# [Work instructions]
Below is a listing. Return the lines from the one that contains "The Burton- Free" to the one that contains "Braham, MN 55006", both ends included, verbatim and with no pictures.

# [Data shown]
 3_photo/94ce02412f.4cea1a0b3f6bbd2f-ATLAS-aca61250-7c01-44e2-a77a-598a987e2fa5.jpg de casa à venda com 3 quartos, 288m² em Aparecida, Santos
--
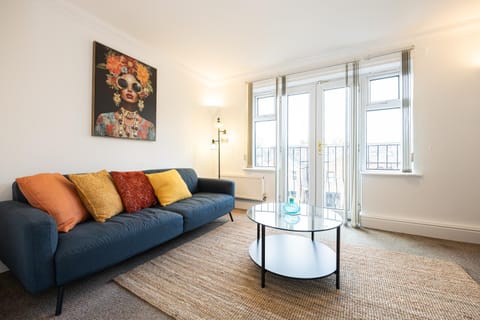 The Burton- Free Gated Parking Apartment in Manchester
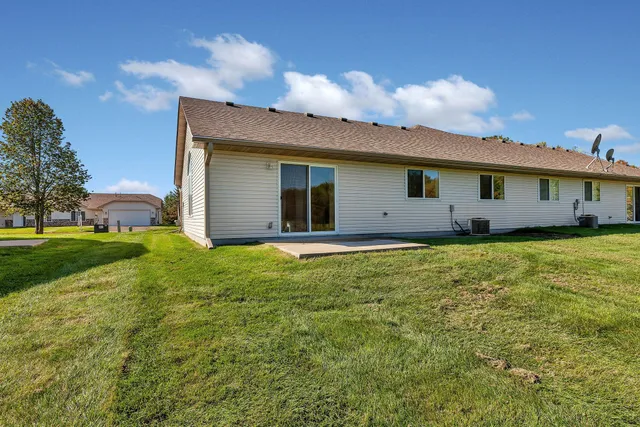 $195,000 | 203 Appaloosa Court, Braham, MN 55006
--
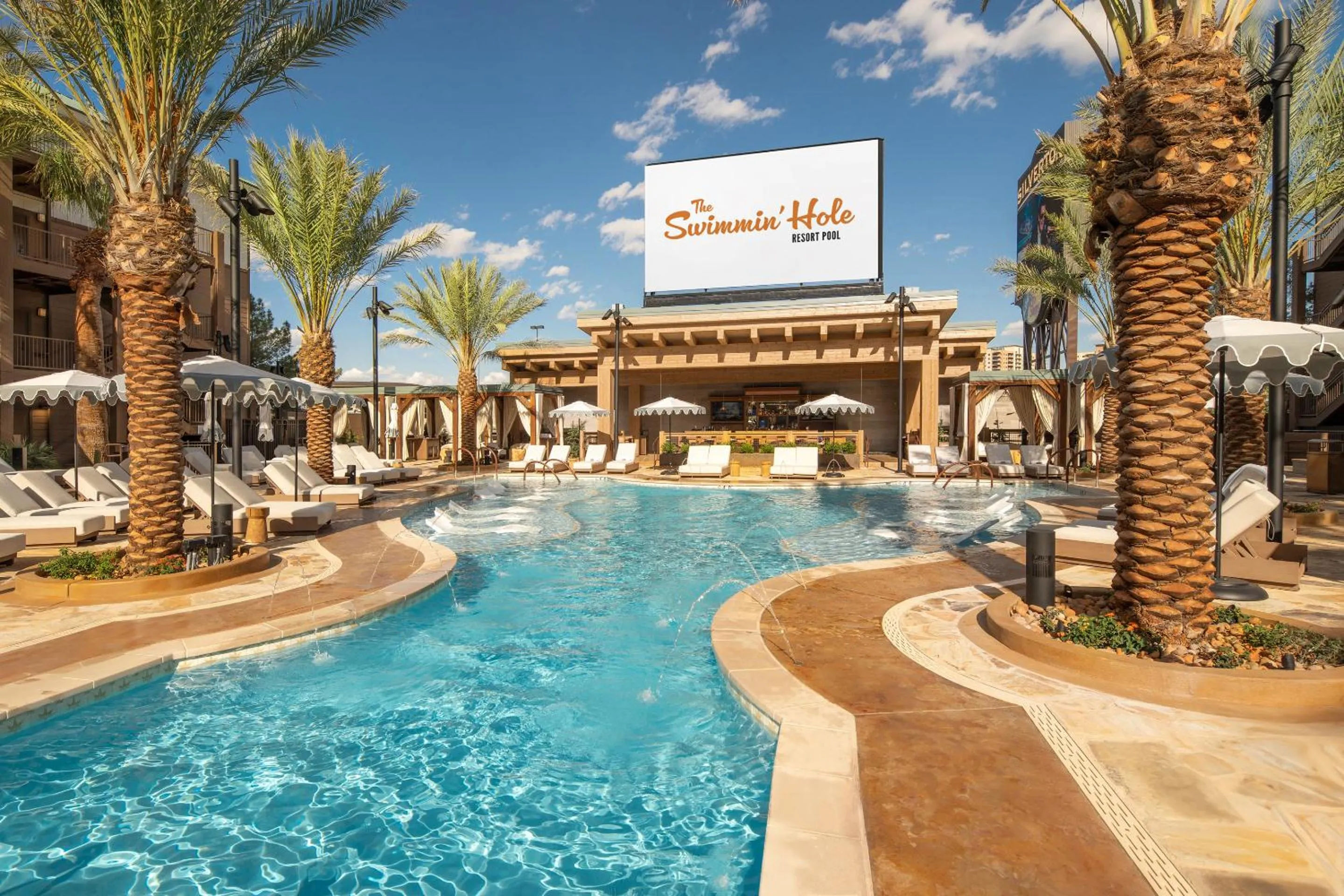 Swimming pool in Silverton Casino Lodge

# [Result]
 The Burton- Free Gated Parking Apartment in Manchester
 $195,000 | 203 Appaloosa Court, Braham, MN 55006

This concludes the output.